There are many different types of clustering algorithms that are particularly useful for different situations.
The four most common types are:
### Centroid-based Algorithms
Centroid-based algorithm separate data points based on multiple so-called centroids in the data. Each data point is assigned to a cluster based on its squared distance from the centroid. This is the most commonly used type of clustering.
### Hierarchical Algorithms
Hierarchical algorithms differ from centroid-based algorithms in that they constract a hierarchy among all data points. From this hierarchy, one can choose different sized clusters based on the granularity required for the task at hand. This is normally used on hierarchical data structures like company databases or a taxonomy of animal species.
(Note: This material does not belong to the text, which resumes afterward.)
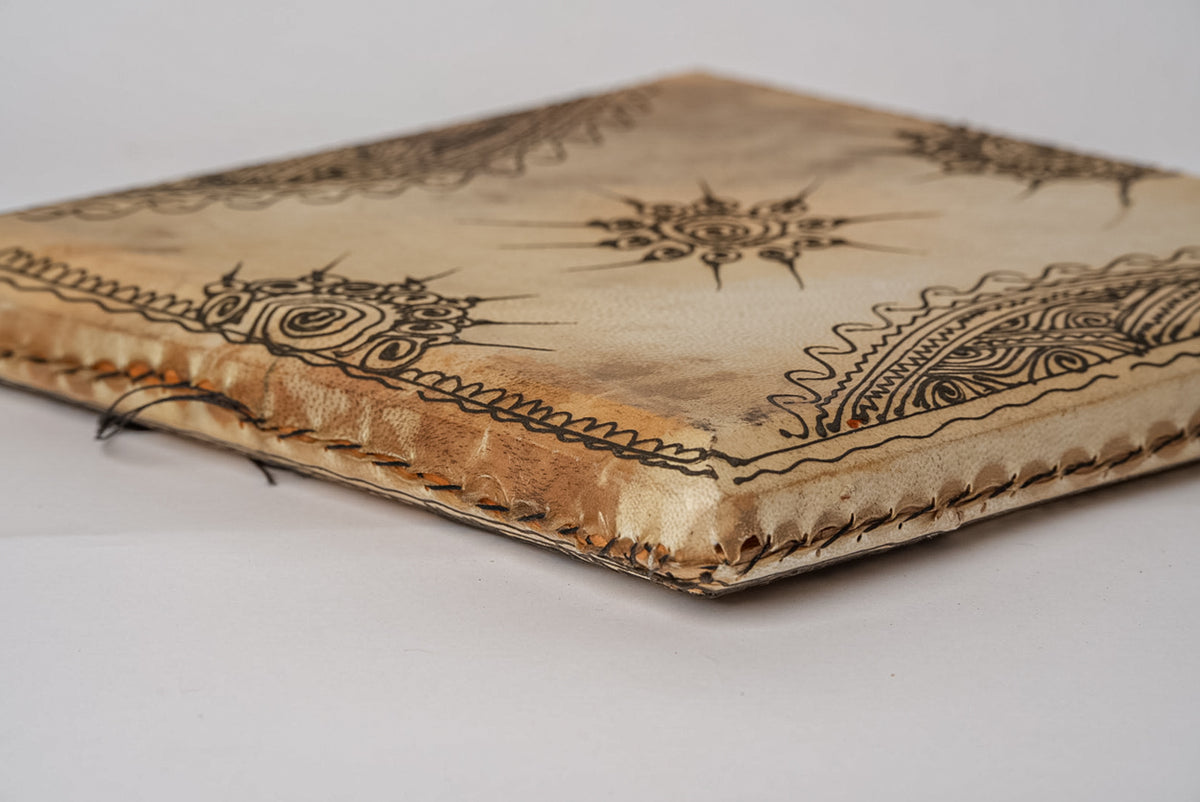 Square drum with natural skin head featuring hand-drawn geometric and floral patterns in black ink.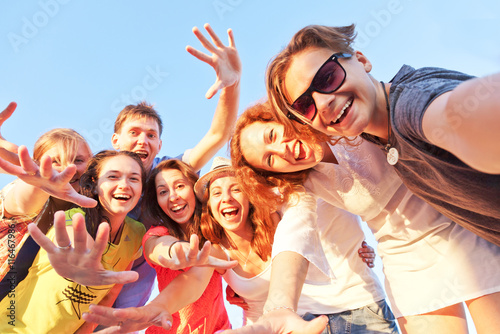 Group of happy young friends doing selfie against the blue sky.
There are two main types of hierarchical algorithms:
1. Agglomerative clustering - all observations are considered invdividually and then merged into everbigger clusters
2. Divisive cluster - all observations are considered together and then split up int eversmaller clusters
### Distribution-based Algorithms
Distribution-based clustering assumes data is composed of distributions. Therefore, all data points are considered parts of a cluster based on the probability that they belong to a given cluster. As distance from the center of a cluster increases, the probability that the data point belongs to that cluster decreases. This algorithm is only recommended when you know the distribution of your data.
### Density-based Algorithms
Density-based clustering works by detecting regions in which factors are focused and in which they're separated via means of regions that might be empty or sparse. Points that are not a part of a cluster are categorized as noise. Outliers are not assigned to clusters and therefore ignored in these algorithms.
## How Does Cluster Analysis Work on Paper?
The following process should be followed when approaching a cluster analysis.
1. **Variable selection:** Select the variables, called *bases*, that will be used to cluster the observations. If you want to make any decisions based on the classification, for example in targeting different groups of customers, you most likely also want to have additional variables, called *descriptors*, that help you understand the found clusters.
2. **Similarity/Dissimilarity calculation:** Choose a suitable measures of proximity between the different observations. Based on the type of the bases, you need to choose a *distance function* or a *similarity function*. The variables are compared individually first. Then, they are summed up to calculate the total similarity/distance between two observations. Comparing all observations with each other yields a *proximity or distance matrix*.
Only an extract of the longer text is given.